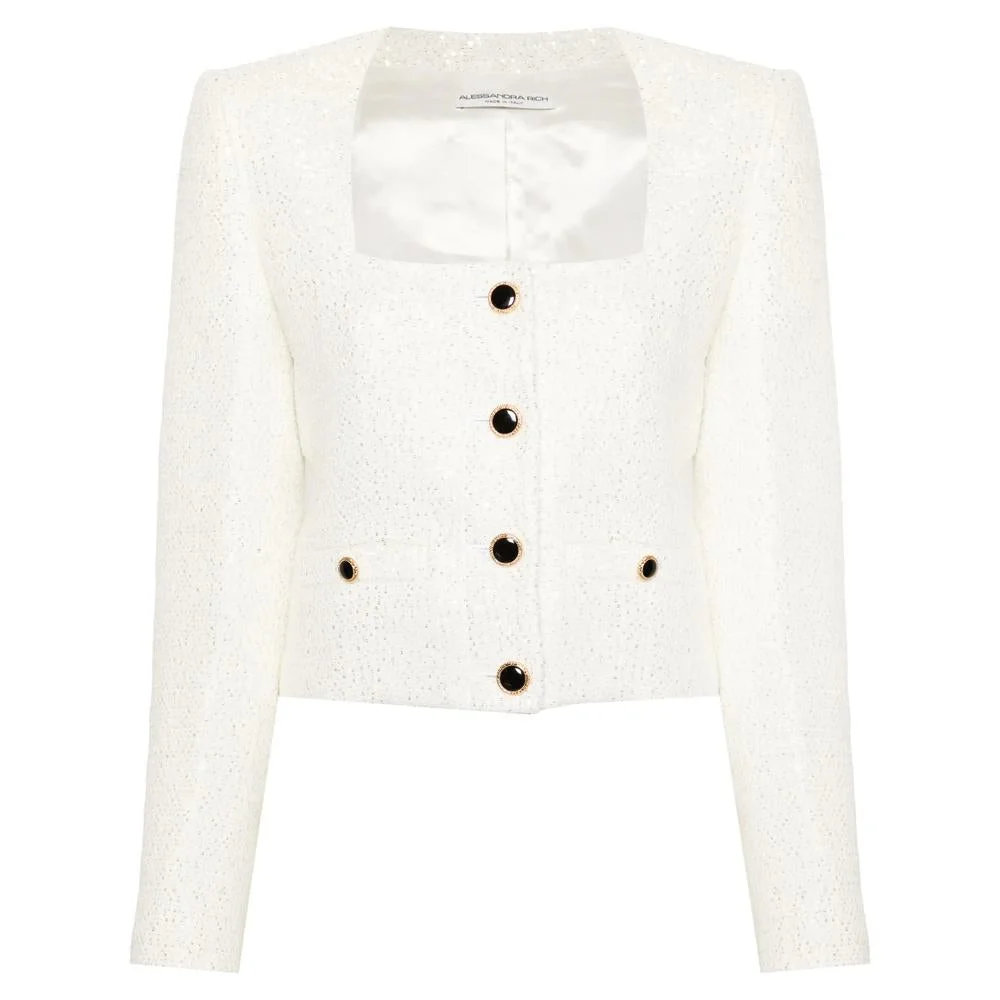 Alessandra Rich TWEED JACKET WITH SEQUINS EMBELL - 1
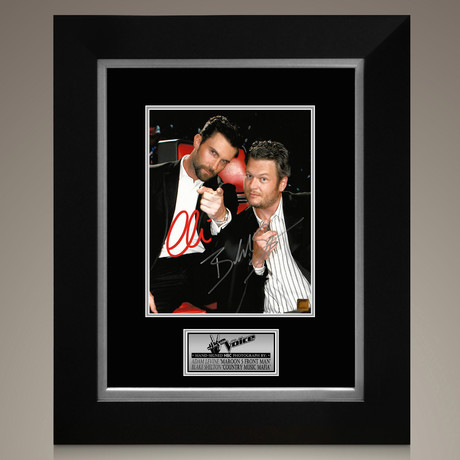 The Voice // Adam + Blake Signed Photo // Custom Frame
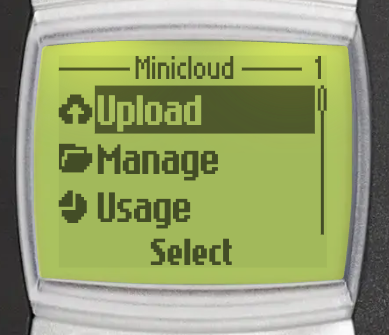 Minicloud main view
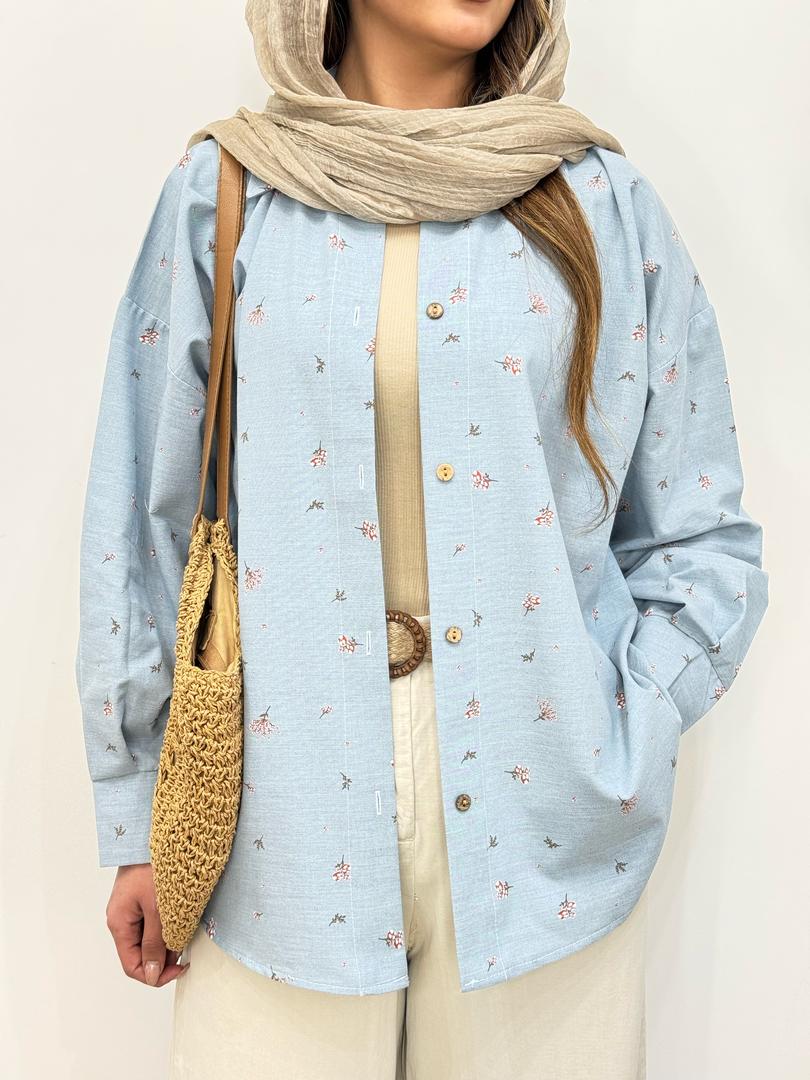 شومیز گلدار تبسم کد 12395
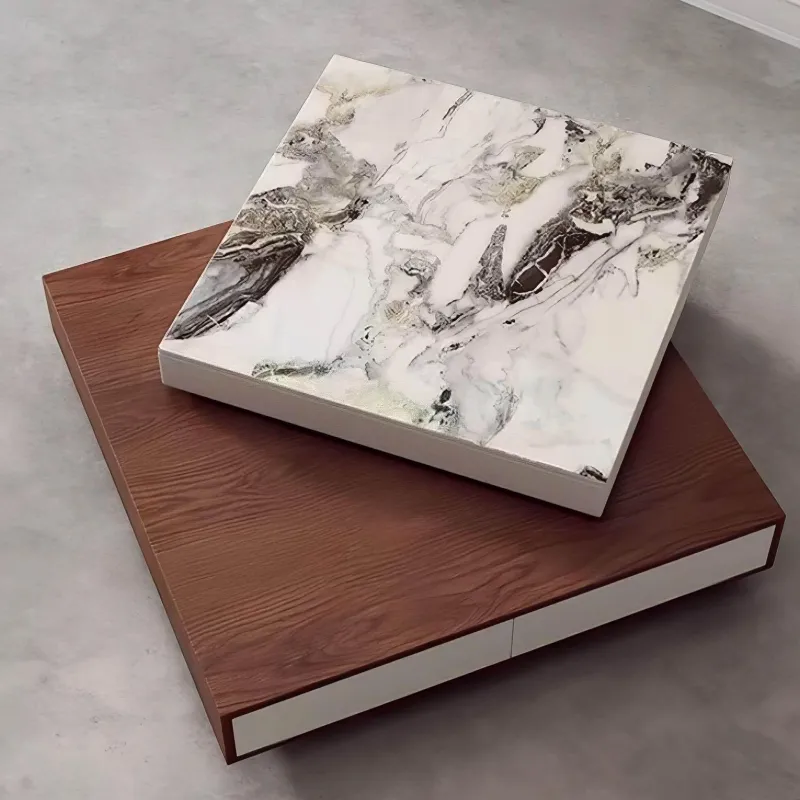 The Coffee Table Co. Möbel-Drehbarer Couchtisch – Modernes Agathe-Design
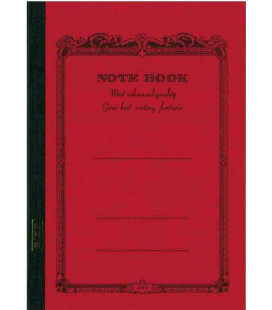 Apica CD15-BK Notebook (Tamaño B5, Color rojo)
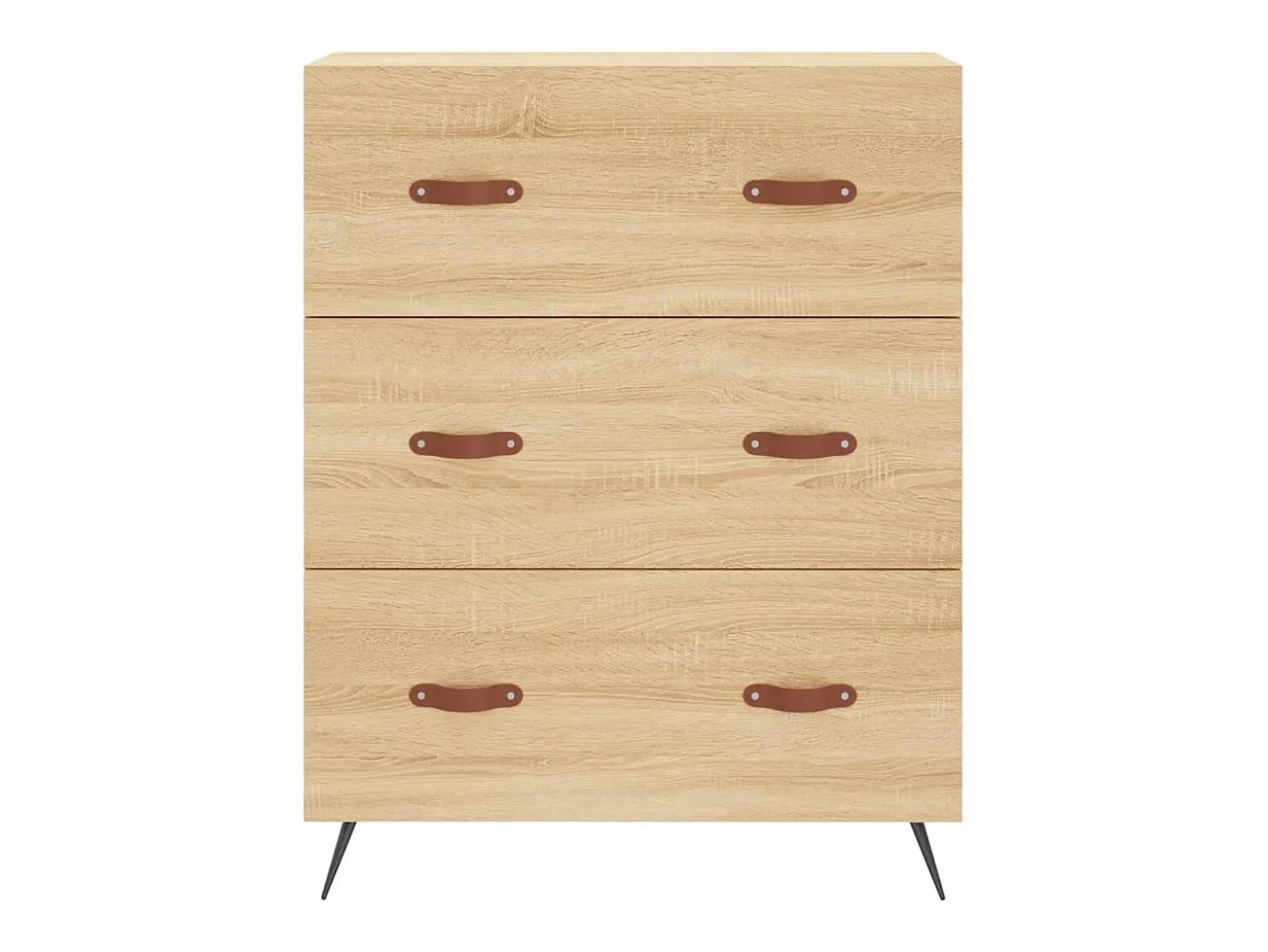 Aparador alto roble Sonoma 69,5x34x180 cm Madera de ingeniería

◆ ◆ ◆ ◆ ◆

Work request:
Your copy should hold exactly the lines from the line containing "شومیز گلدار تبسم کد 12395" through the last line of the listing above, both included, and no pictures.

Output for this exercise:
 شومیز گلدار تبسم کد 12395
 The Coffee Table Co. Möbel-Drehbarer Couchtisch – Modernes Agathe-Design
 Apica CD15-BK Notebook (Tamaño B5, Color rojo)
 Aparador alto roble Sonoma 69,5x34x180 cm Madera de ingeniería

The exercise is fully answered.